Se si vuol diffondere la cultura della mediazione tra fisco e cittadini, è necessario che ci sia un’unione d’intenti, per questo l’Agenzia delle Entrate ha attivato una cooperazione in via amministrativa con il Consiglio nazionale dei dottori commercialisti e degli esperti contabili.

Se l’accordo sarà proficuo i contribuenti rappresentati dai commercialisti avranno in futuro un rapporto più disteso con l’Erario. Come? attraverso la condivisione delle soluzione, quelle legittime, rapide e trasparenti. Così abbiamo sintetizzato l’intesa siglata a Roma tra Befera e Siciliotti.

Un accordo che a breve diventerà un punto di riferimento per le altre intese, da stabilire a livello locale, tra gli uffici delle Entrate e le sedi locali dell’Ordine. L’amministrazione finanziaria, come spiegato bene su fiscooggi.it, s’impegna ad esaminare in modo attento tutte le istanze.

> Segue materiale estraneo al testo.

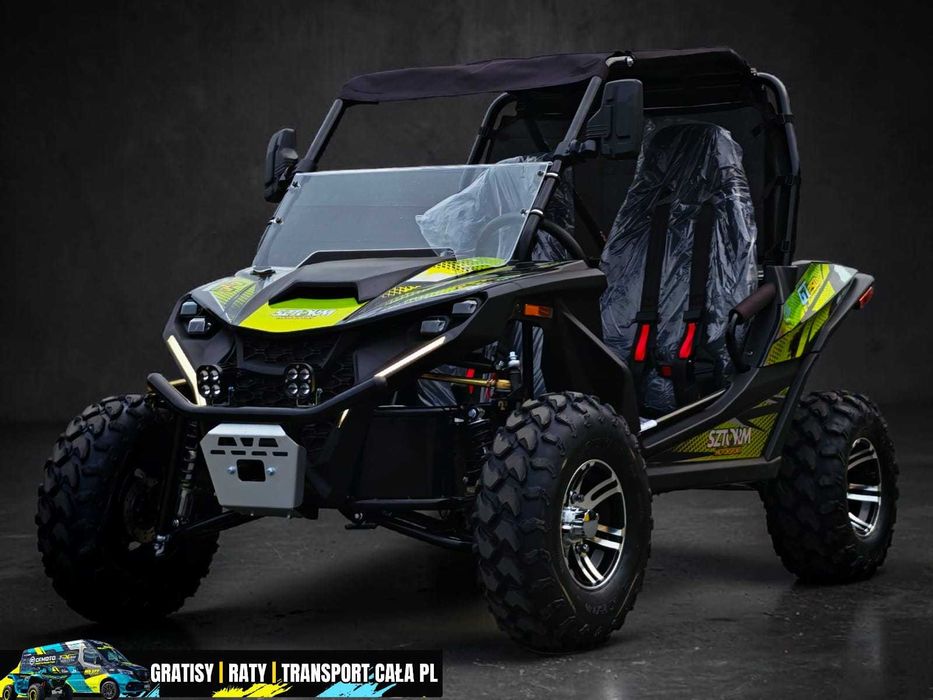 buggy SZTORM GT-250 / dostawa / raty / 2026 / ProMotor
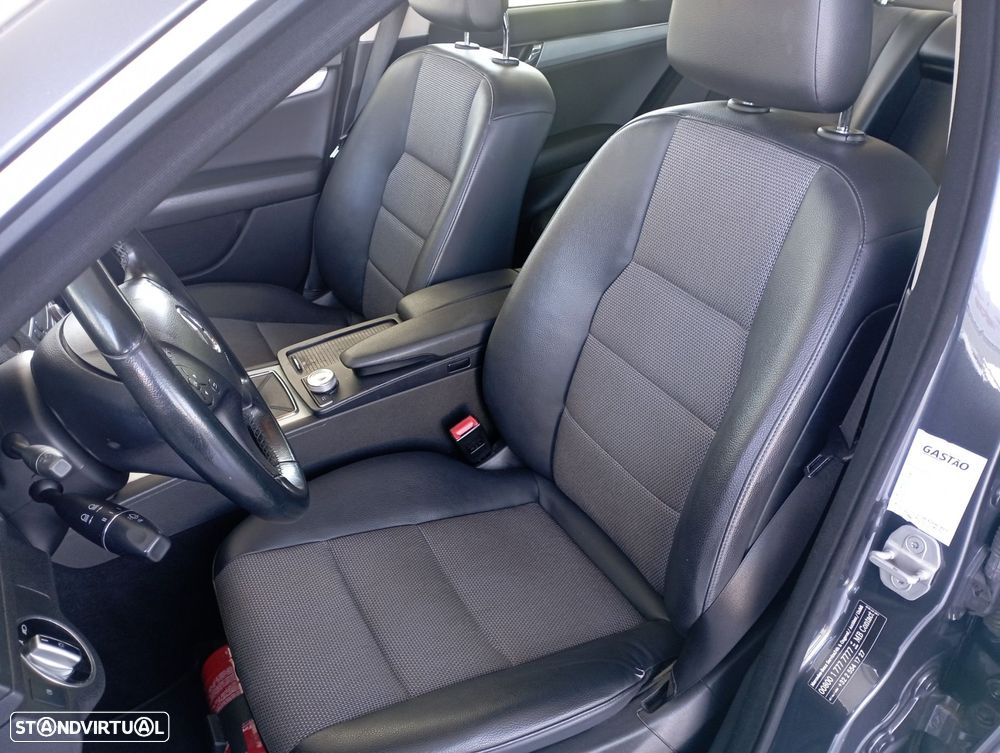 Mercedes-Benz C 200 CDI Avantgarde BlueEfficiency - 9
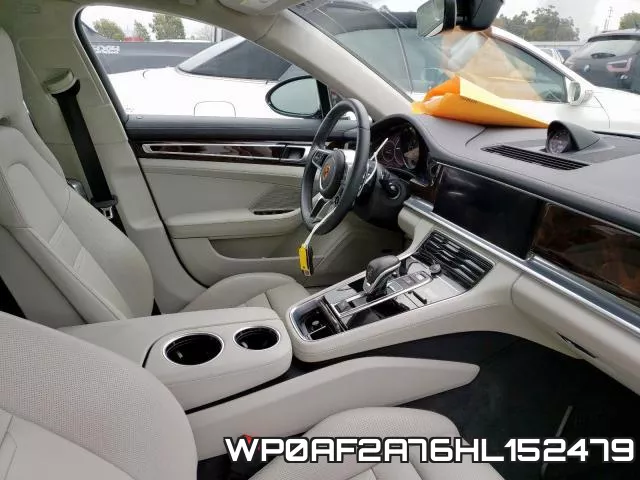WP0AF2A76HL152479 фото 6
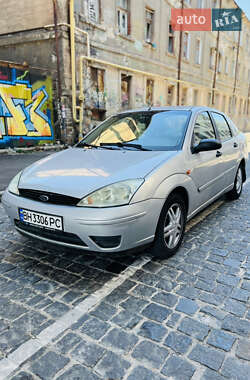 Седан Ford Focus 2001 в Одессе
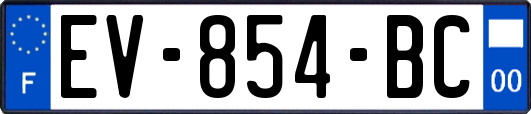 EV-854-BC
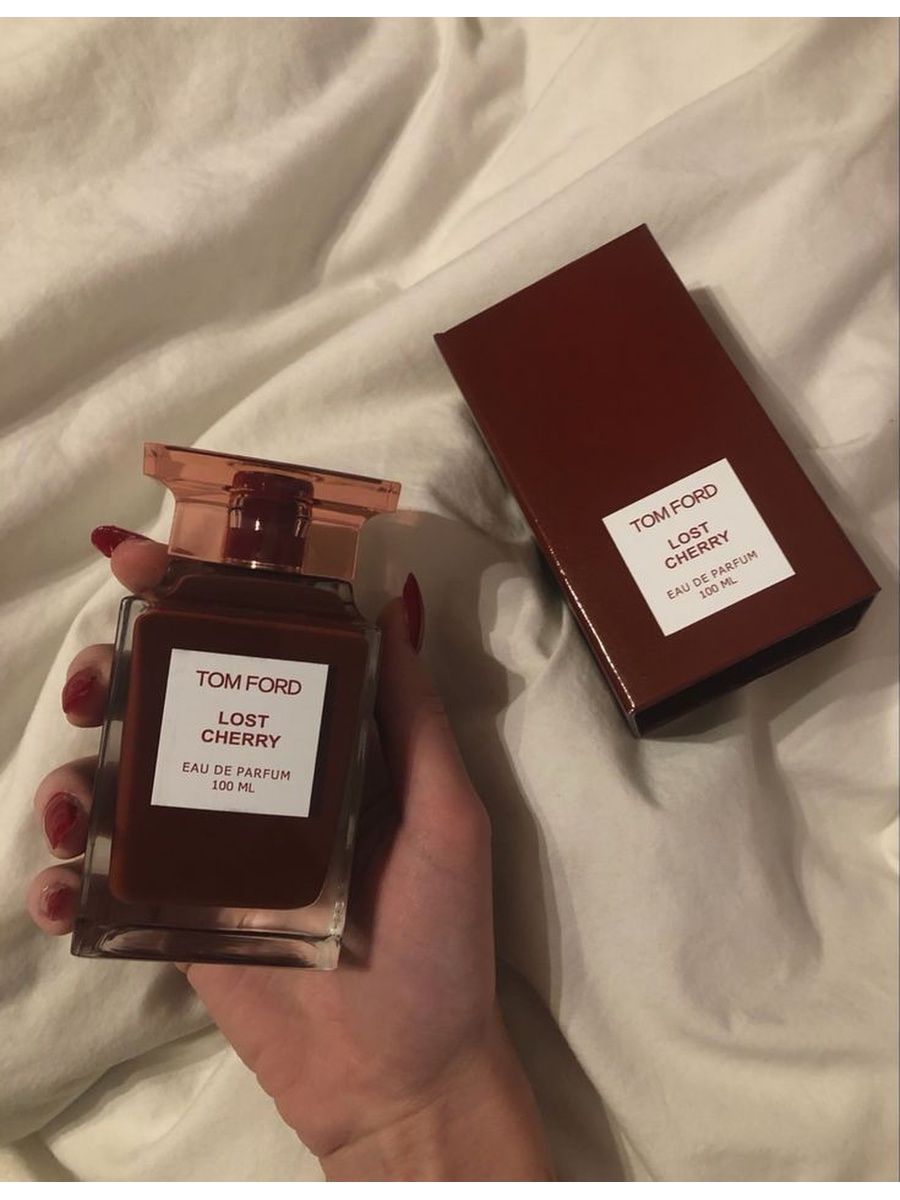 Tom ford lose cherry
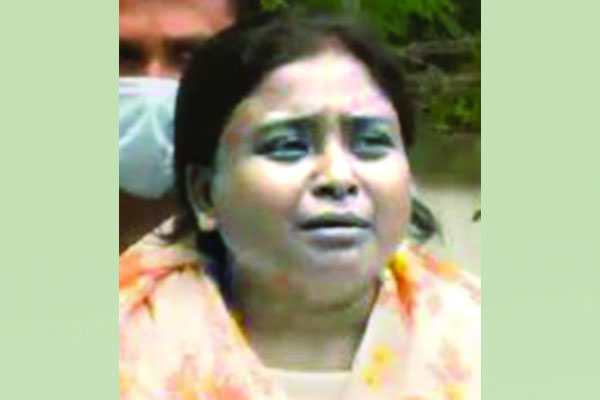 শিশু জিনিয়া অপহরণ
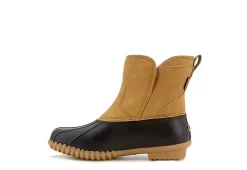 Jbu Womens Martha Waterproof - Brown -Skechers Store US 01 302338 02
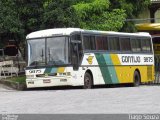 Empresa Gontijo de Transportes 9875 na cidade de Belo Horizonte, Minas Gerais, Brasil, por Tiago Wenceslau de Souza. ID da foto: :id.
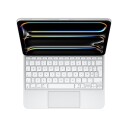 Apple iPad Pro 11" Magic Keyboard 11 (white)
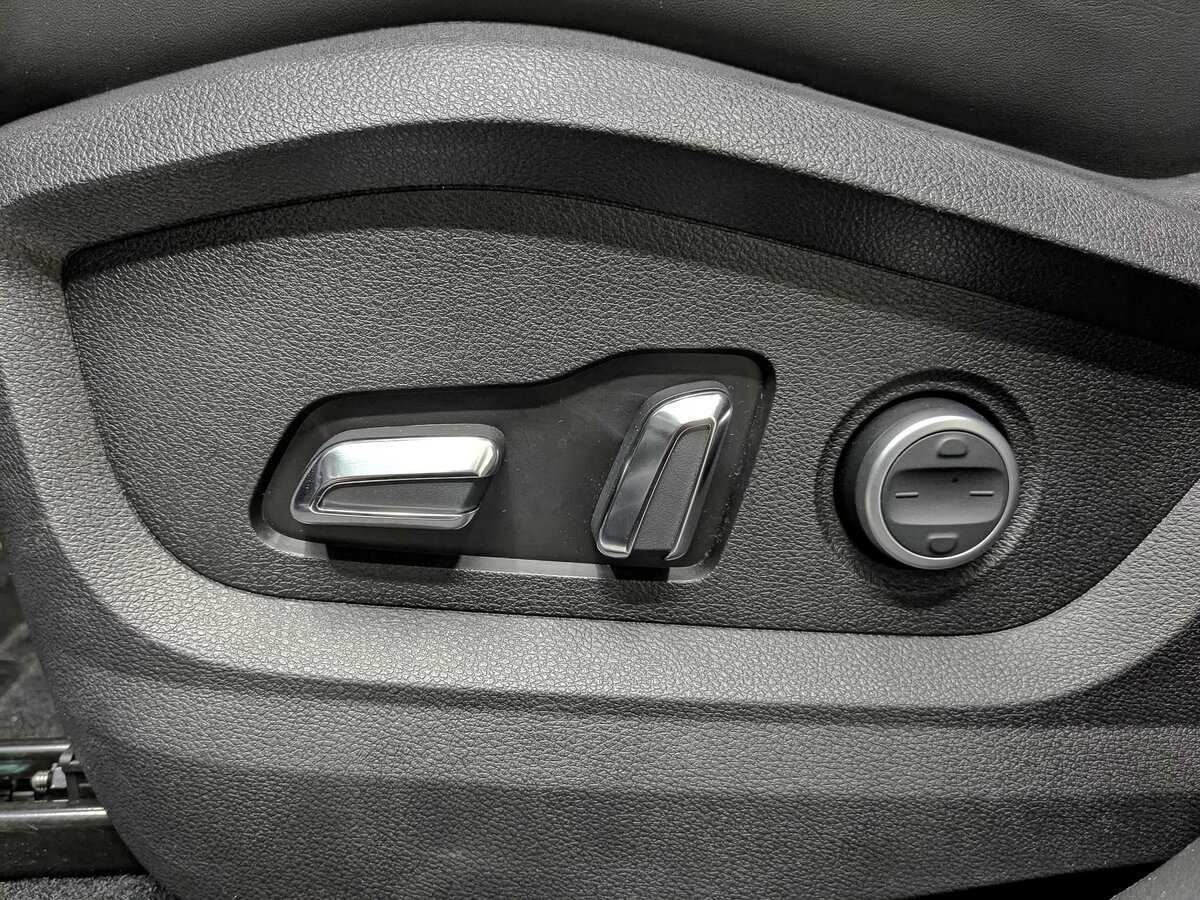 Chery Tiggo 8 2024 года с пробегом. Фото: #25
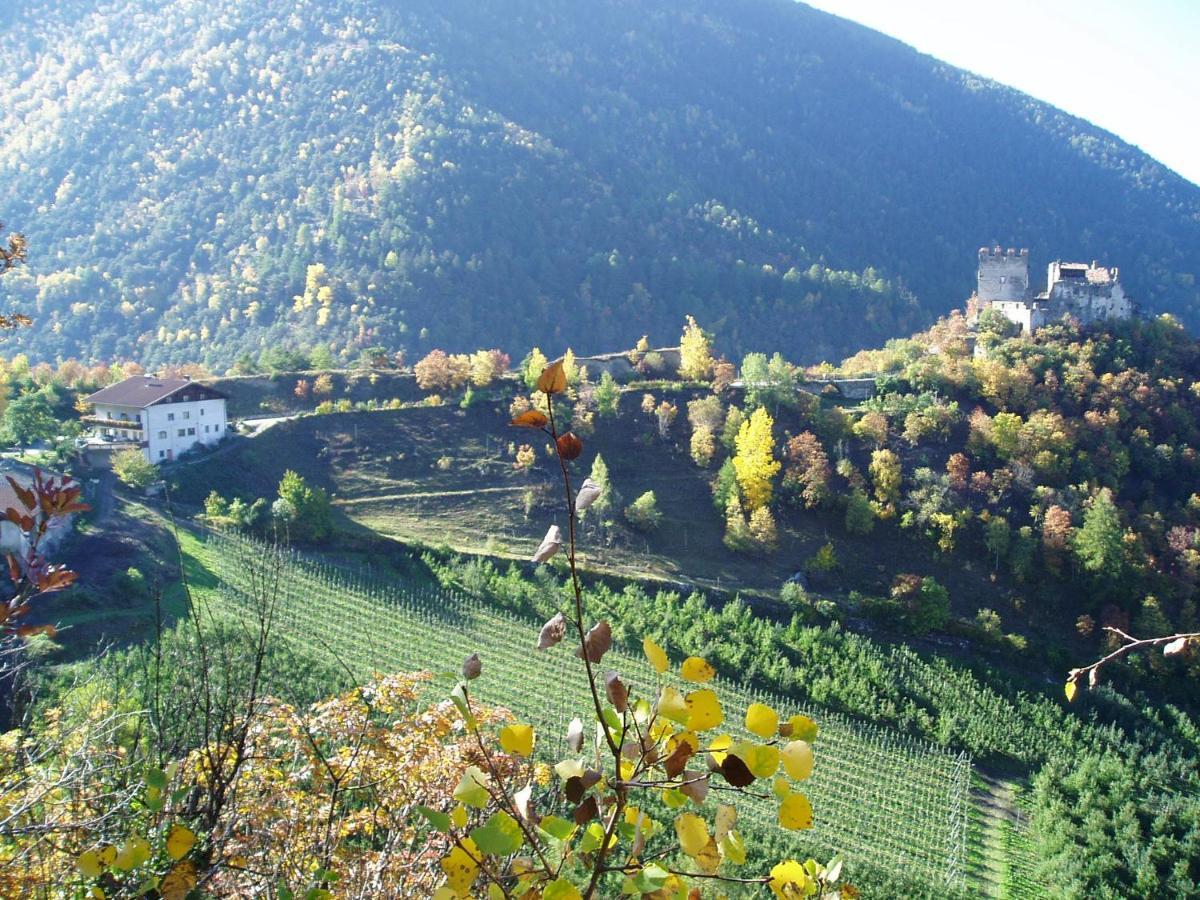 Schlosshof Zu Montani Morter Εξωτερικό φωτογραφία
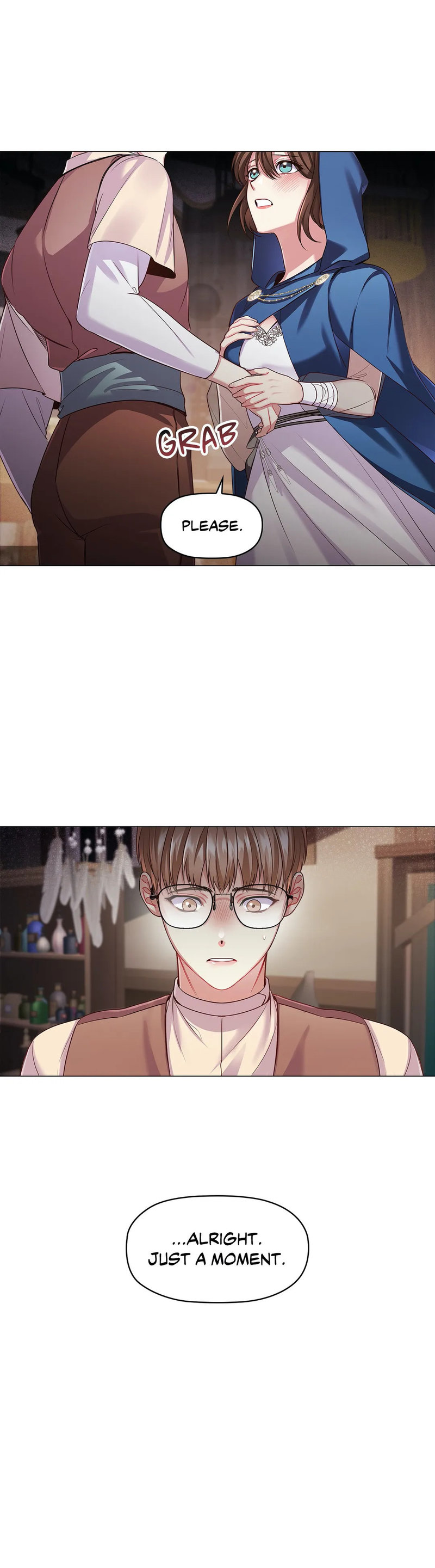 Depths of Malice - Chapter 14 [photo 5] - MangaPorn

Un’operazione cui deve seguire una comunicazione tempestiva dell’improponibilità (eventuale), in modo che la sospensione dell’atto impugnato sia rapida evitando i danni patrimoniali ai cittadini.

I commercialisti, intanto, possono provvedere a sensibilizzare gli iscritti sulla componente di prevenzione di questo istituto.